Individu is wel een ongelukkig woord. Het betekent precies 'ondeelbaar'. Als we de dialoog bekritiseren kan dat alleen maar, denk ik (maar wie ben ik?), als we in gesprek gaan met onszelf, met ons zelf. Dan hebben we onszelf via de kritiek van de dialoog al bekritiseerd en moeten we op zoek naar een ander steunpunt om ons tot handelen te kunnen aanzetten. Haast automatisch komt Stangneth in het spoor van Kant terecht bij de hoop en de moraal, de moraal als uitdrukking van de hoop dat de wereld beter wordt. De prijs die we daarvoor moeten betalen lijkt mij (maar wie ben ik?) dat die hoop wordt geconcentreerd in het bevel dat ik mezelf geef, mezelf als individu.
Geleidelijk voeren we steeds meer beelden en ficties in, de betere wereld, het individu, het bevel. Ze functioneren nu niet meer om het denken buiten werking te stellen maar om het denken te lanceren, en wel het denken als onderdeel van het handelen. Het handelen splitst zich in tweeën, om maar een minder bekende formulering van Aristoteles te hernemen. We geven bevelen aan onszelf, en denken tegelijk na over die bevelen, wat ze betekenen en welke gevolgen ze allemaal kunnen hebben. De beschouwing is nu niet meer alleen een verleiding, het is ook onderdeel van ons handelen.
En nooit is ook maar enig station gepasseerd. Hoofdschuddend lezen we weer een Duitser die maar niet loskomt van Auschwitz. Maar vergis je niet, via de hoofden van de daders van toen kunnen we uitkomen bij zoiets als empathie. Om sadist te kunnen zijn, moet je weten wat het is om de pijn te ondergaan die je iemand aandoet. En zo haal je toch nog weer iets goeds uit dat kwade denken. Een volgende stap lijkt me om ook weer eens naar die zogenaamde slachtoffers te kijken.
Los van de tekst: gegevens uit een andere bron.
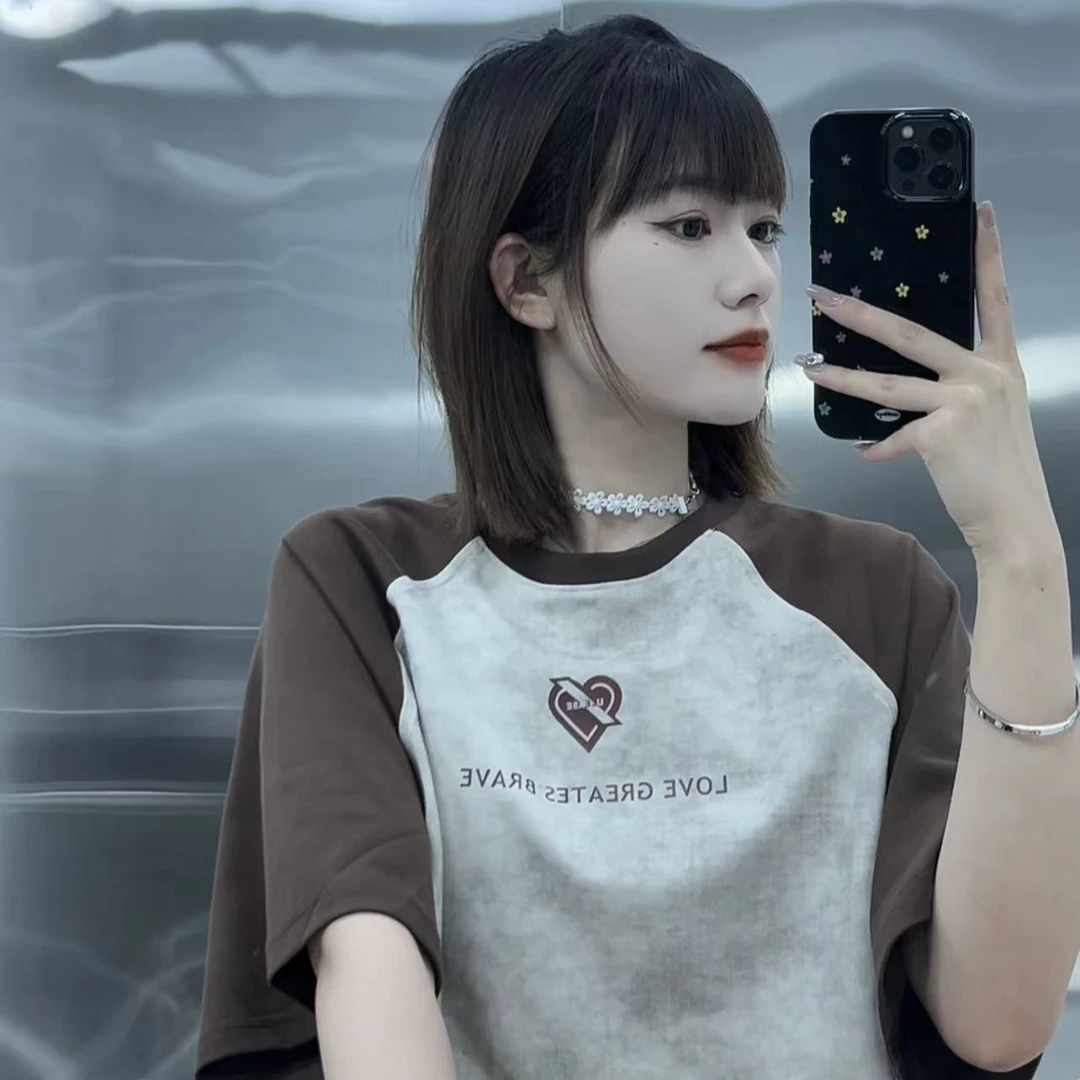 U/TI 24年夏季新款设计师款拼色感宽松水墨晕染插肩袖圆领短袖T恤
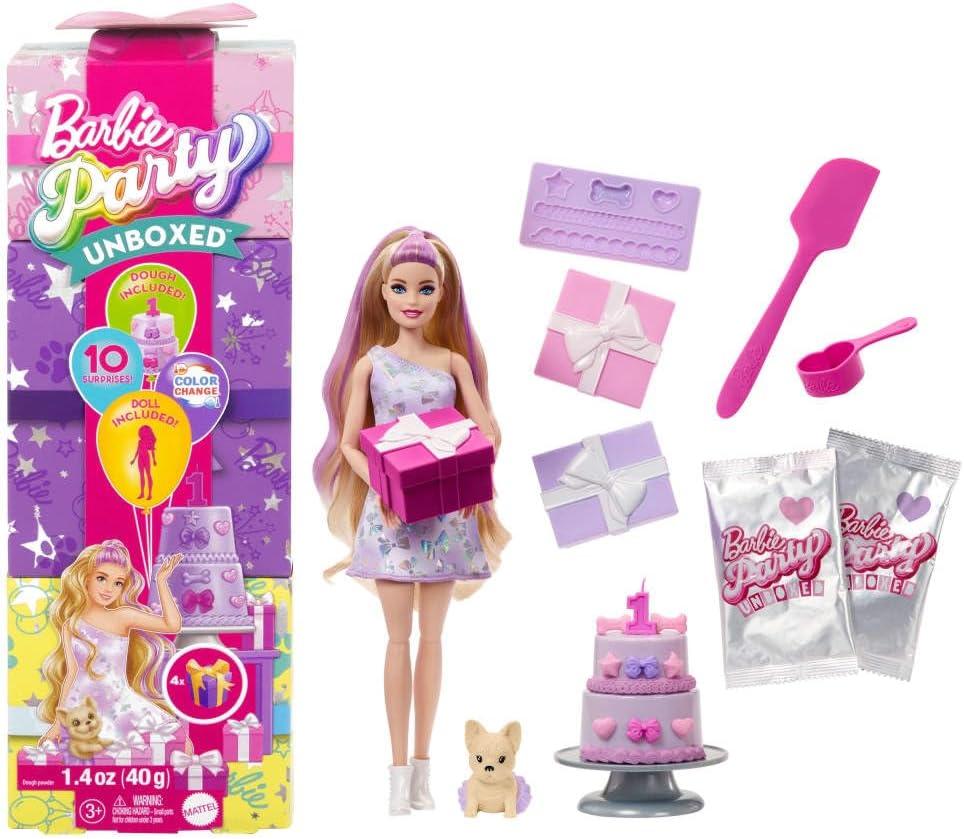 Barbie Party Unboxed Doll & Accessories, Pet Birthday Series Birthday Bows Set with 10 Surprises Including Color Change & Cake-Decorating Activity (Purple)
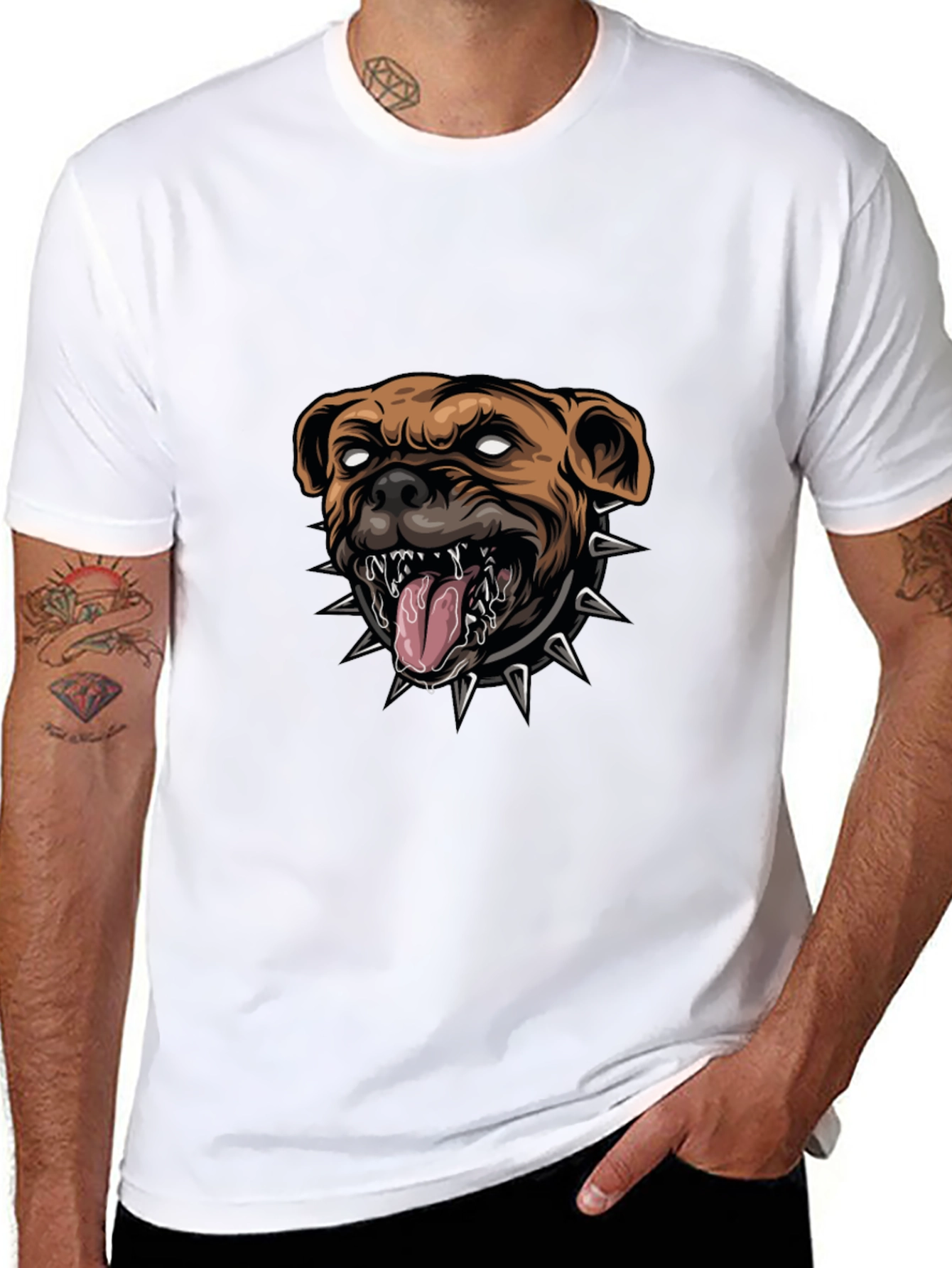 Mens Black T-Shirt with Bulldog Graphic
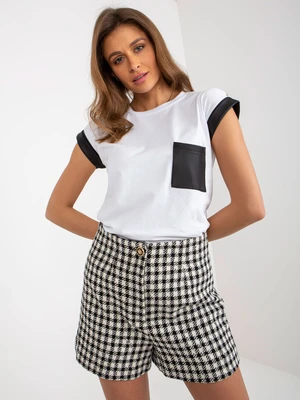 White women's T-shirt with eco-leather inserts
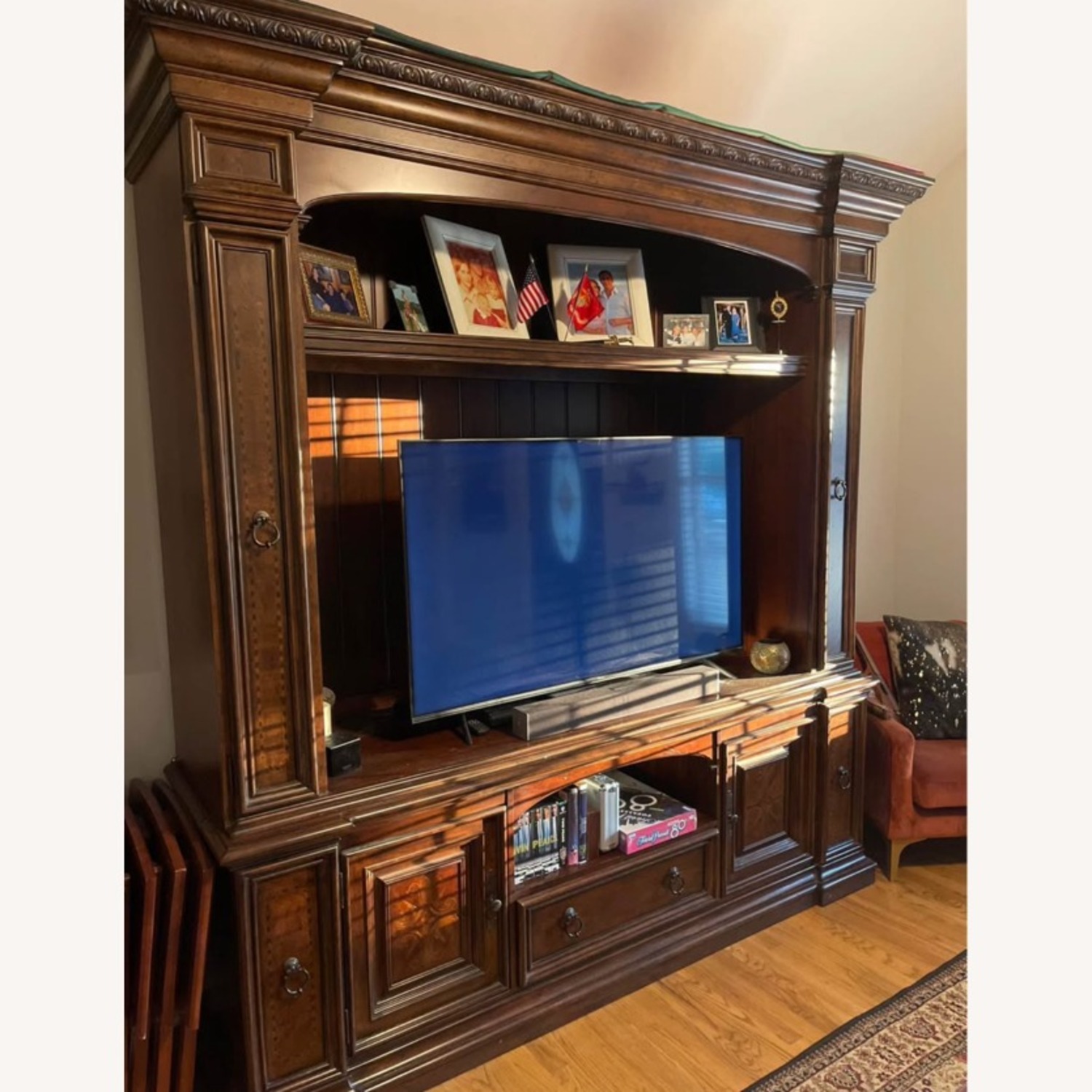 Dark Brown Wood Media Storage - image-2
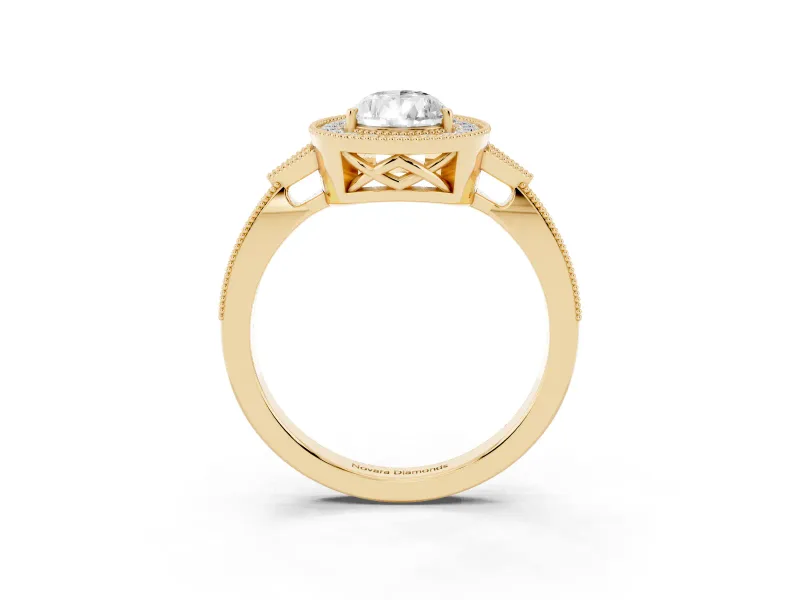 Pear Cut Diamond Halo Engagement Ring Set in Yellow gold with Milgrain Pavé Band
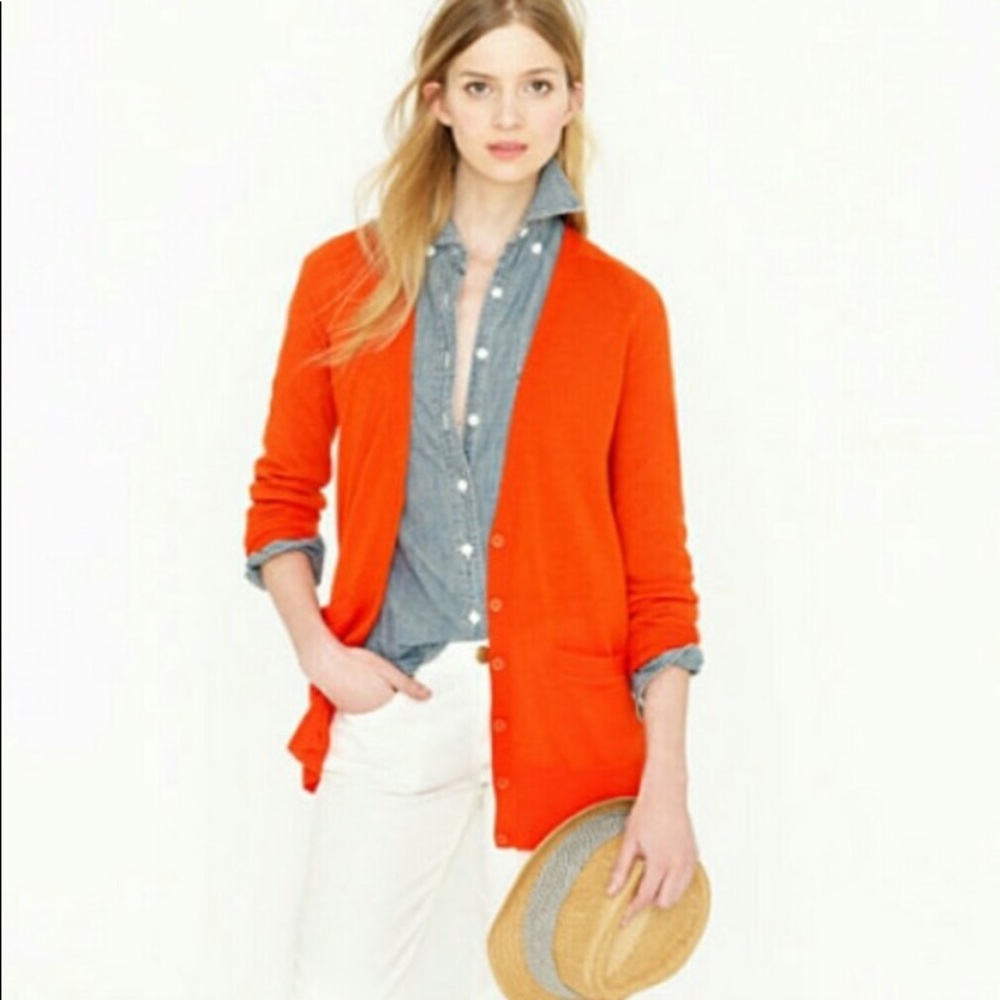 J Crew Classic Long Merino Cardigan Papaya - Picture 1 of 6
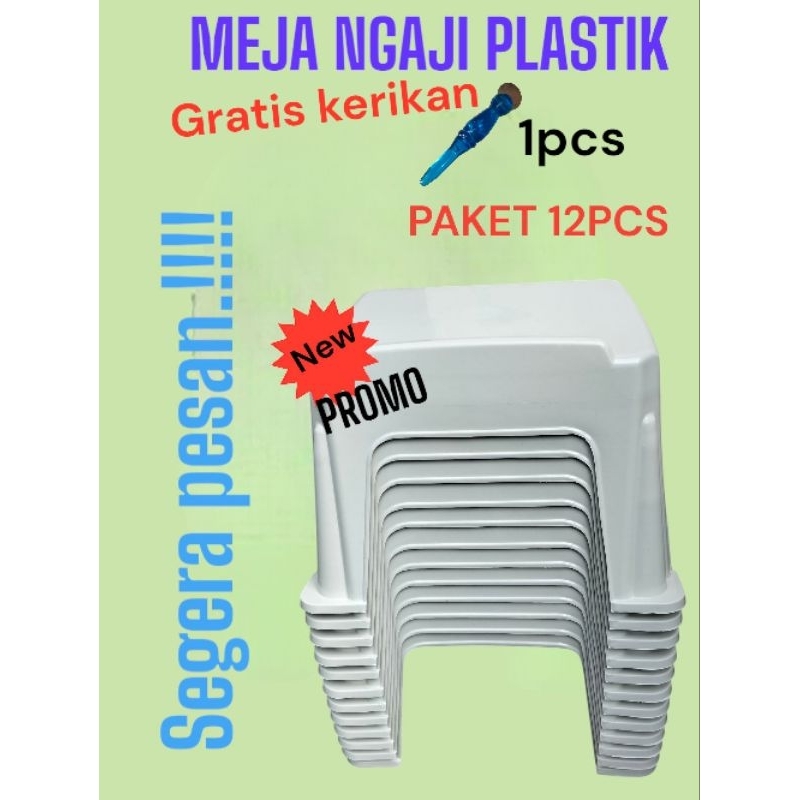 MEJA PLASTIK NGAJI/LEKAR REKAL AL QURAN /UNTUK BELAJAR HTC 12PCS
Dat doet bijvoorbeeld Agamben, die Arendt bekritiseert omdat haar handelingsbegrip tezeer gelieerd is aan het offer, de Romeinse actio is in essentie een juridisch begrip.
In het leven vinden we meer dan alleen rechtsgang en verantwoordelijkheid. Zelfs de slachtoffers gingen door met leven, ook in morele zin. We moeten de moraal herijken, niet alleen door naar de toekomst te kijken, maar ook door voortdurend weer terug te reizen langs de stations die we gepasseerd hebben. Het denken wordt zodoende een verblijf, een gewoonte. Geen beschouwing met het doel de crisis en het handelen af te weren, maar zelf handeling, zelf interventie in de permanente crisis waarin we ons bevinden.